*ASSIGNMENT*.
Look below for the line with "Jumbo Paper Straw - White Byg 250/10" and the line with "Ancient Coins - L.". Copy exactly those two lines and every line between, but not the pictures.

##### RECORDS FOR THE EXERCISE

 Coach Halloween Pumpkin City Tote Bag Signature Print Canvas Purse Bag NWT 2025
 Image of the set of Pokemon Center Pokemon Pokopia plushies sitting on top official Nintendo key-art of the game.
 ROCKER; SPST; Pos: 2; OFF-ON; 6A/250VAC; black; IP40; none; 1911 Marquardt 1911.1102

##########
##### RECORDS FOR THE EXERCISE

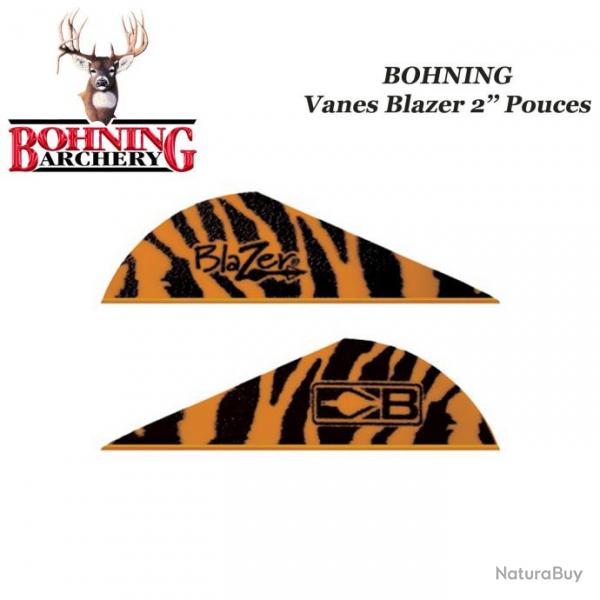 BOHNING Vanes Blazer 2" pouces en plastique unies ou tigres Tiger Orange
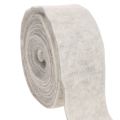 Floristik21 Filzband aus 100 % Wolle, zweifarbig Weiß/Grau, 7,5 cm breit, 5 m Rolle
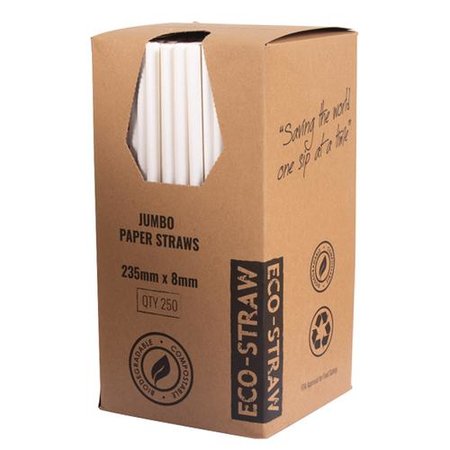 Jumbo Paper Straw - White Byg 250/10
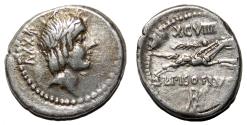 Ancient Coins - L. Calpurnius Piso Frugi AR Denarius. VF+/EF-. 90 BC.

##########

*EXERCISE OUTPUT*.
 Jumbo Paper Straw - White Byg 250/10
 Ancient Coins - L. Calpurnius Piso Frugi AR Denarius. VF+/EF-. 90 BC.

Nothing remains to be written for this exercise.